Il tema del morire e di come la vita possa continuare per chi resta introduce, in qualche modo, il film, rappresentandone il prologo e una cornice di riferimento. Geppetto perde un figlio e disperatamente lo piange, per anni, inconsolabile, fino a che non prova a scolpire nel legno un burattino che sembra, nelle sue intenzioni, poter diventare il sostituto del bambino perduto. Geppetto, dunque, fa esperienza di una mancata elaborazione del lutto, non solo rifiutandosi di lasciar andare ciò che non può tornare ma cercando di riproporre, attraverso l’espediente del burattino, ciò che è stato – il richiamo, qui, al simbolismo di Frankenstein è evidente. Geppetto, insomma, si aspetta che il burattino sia copia fedele o, quantomeno, tragga ispirazione da Carl – il figlio perduto – ripercorrendone le orme. Salvo che Pinocchio, oltre a non somigliare per niente a Carl, per temperamento, testimoni non solo la discontinuità dal passato ma anche la propria diversità nel presente – diventando, lui che è fatto di legno, incarnazione di una umanità vitale e radicale, alternativa a quella conformista che lo circonda (qui il richiamo al fascismo nel film) che sembra essersi drammaticamente irrigidita.

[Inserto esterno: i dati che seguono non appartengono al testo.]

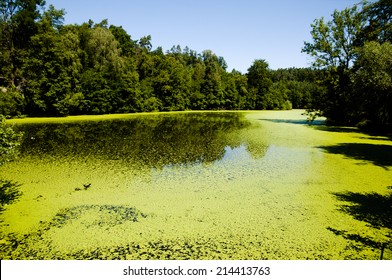 Green Algae Lake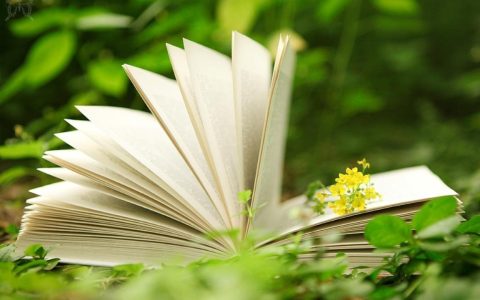 «КНИГА НЕДЕЛИ»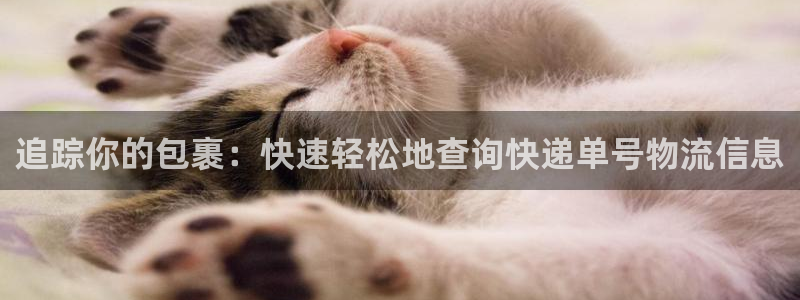 28圈能提现吗：追踪你的包裹：快速轻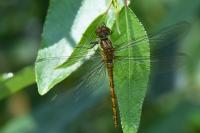 Sympetrum striolatum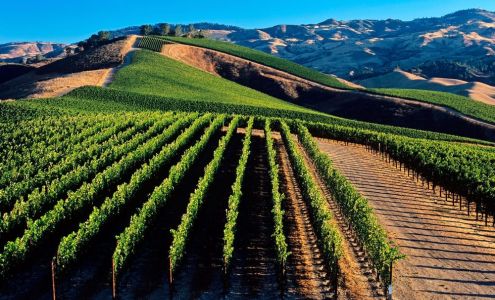 Custom Lending Group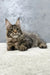 Majestic Maine Coon kitten with grey tabby fur and cute ear tufts in Hitch product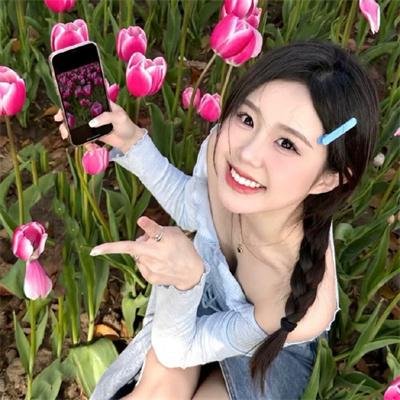情系洛川红苹果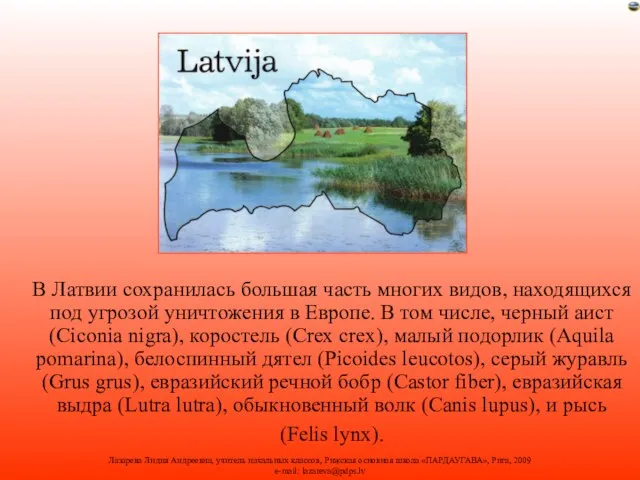 В Латвии сохранилась большая часть многих видов, находящихся под угрозой уничтожения в
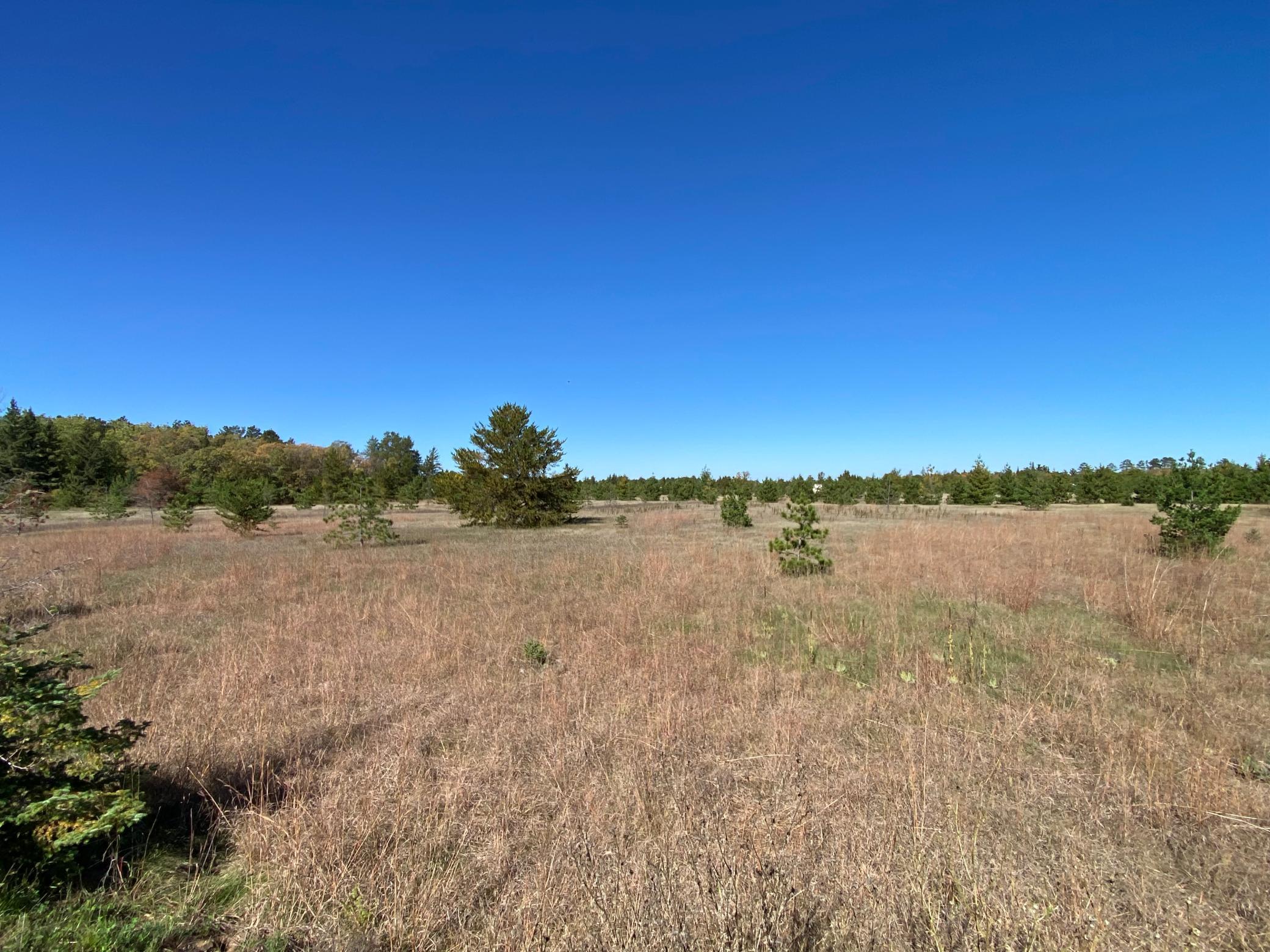 land for sale at TBD State Hwy 87 - Lot 1 in Park Rapids, MN (photo 2 of 7)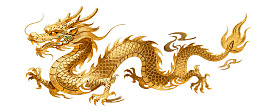 金色中国龙图案图片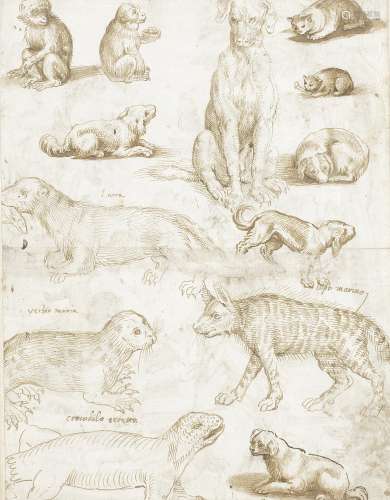 Circle of Antonio Tempesta (Florence 1555-1630 Rome) Studies of animals, including an otter, dogs...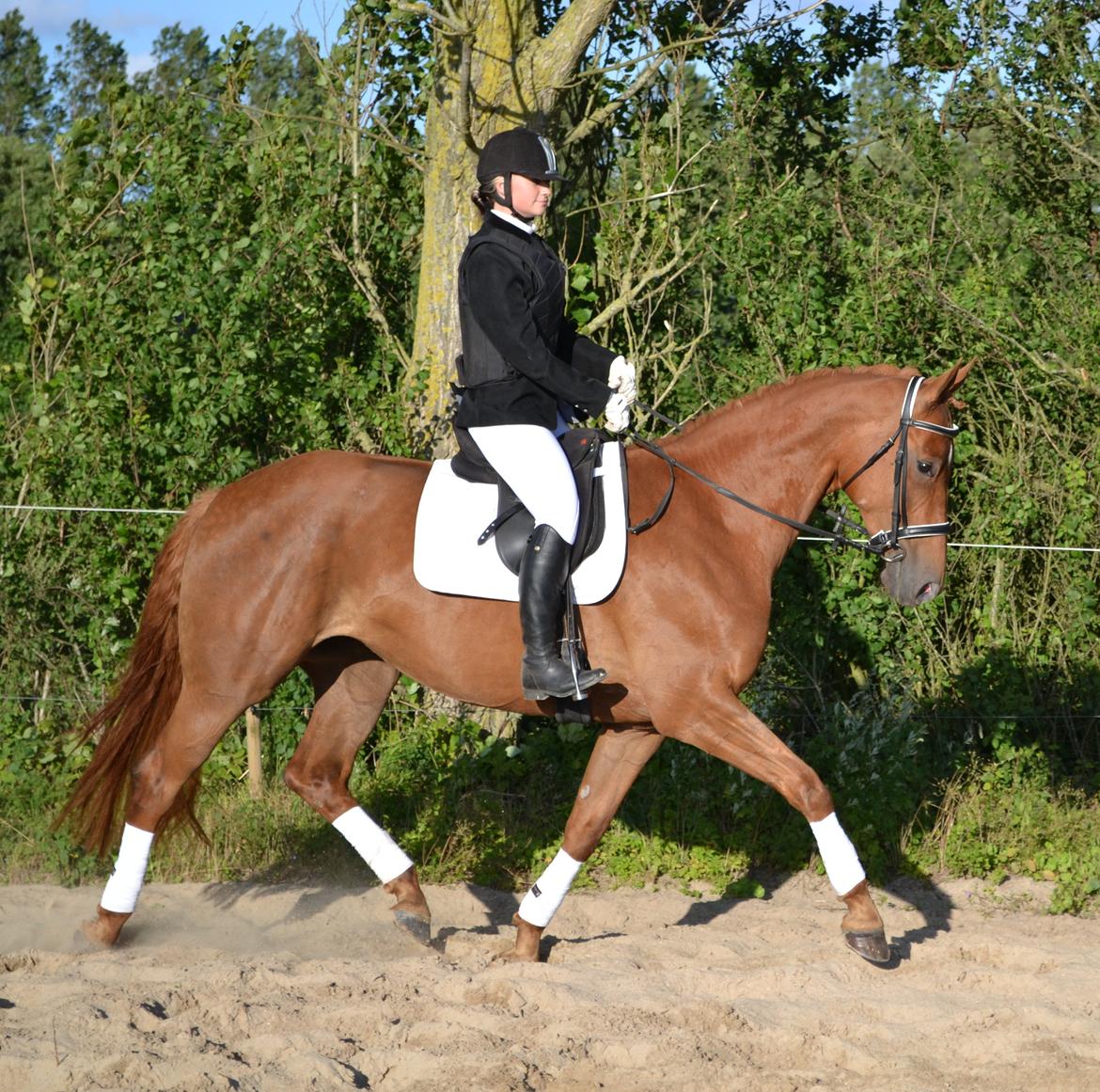 Dansk Varmblod Diana - flotte i stævne-outfit :) august 2012 billede 15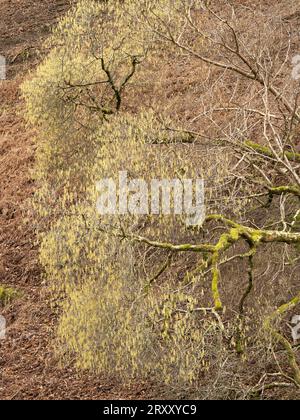 Ashes Hollow, one of the deep valleys cutting into The Long Mynd, an upland area of outstanding natural beauty in South Shropshire, England, UK. Stock Photo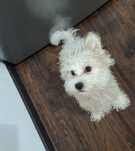 Bichon Maltez 4 luni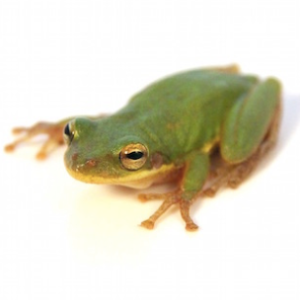 Squirrel Tree Frog for Sale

Pinocchio ribadirà esplicitamente la propria condizione – già chiaro il rivoluzionario senso di libertà che lo caratterizza, a partire dal fatto che si tratti di un burattino ma senza burattinaio. E dirà a Geppetto, a chiare lettere, di non voler diventare altri che sé stesso, senza rannicchiarsi all’ombra di nessuno, nemmeno quella del figlio scomparso – c’è una scena in cui Geppetto e Pinocchio si confrontano su questo, quasi una discussione tra un genitore e un figlio adolescente, quando l’adolescente reclama la propria originalità e non vuole più essere ricondotto al bambino che era (conosciuto dai sui genitori in quanto figlio) ma diventare se stesso e “inconoscibile” agli occhi dei genitori (per una eccedenza di significati e di vita, che lo rende singolare e “sconosciuto” ai propri genitori).

La difficoltà a lasciar andare – così umana – trova in Geppetto un credibile interprete, incarnando il desiderio impossibile di far rivivere ciò che è perduto per sempre. Imparerà, grazie al grillo – figura di impareggiabile ironia – che solo se lasciamo veramente andare ciò che è perduto, potremo ritrovarlo in altre forme. La vita ce lo insegna, se e quando siamo disposti a riconoscere questa semplice verità: se non restiamo attaccati alle forme attraverso cui l’essere si manifesta ma siamo disposti a lasciar andare, potremo ritrovare l’essere in altre forme.

Per continuare ad amare – che è condizione fondamentale alla vita, quantomeno alla vita umana nella sua pienezza – è essenziale lasciar andare ciò che non c’è più, ciò che c’è stato un tempo e non può più essere. E’ un processo doloroso e faticoso. Ma la condizione richiesta per sentirsi degnamente vivi e poter amare ancora consiste nel “fare spazio” e rendersi disponibili alla grazia del nuovo. Questo è, senza dubbio, uno tra i lavori e compiti psichici più faticosi e ricorrenti nella vita: lasciare andare chi abbiamo amato per continuare ad amare, lasciar andare chi ci ha amato per essere amati ancora.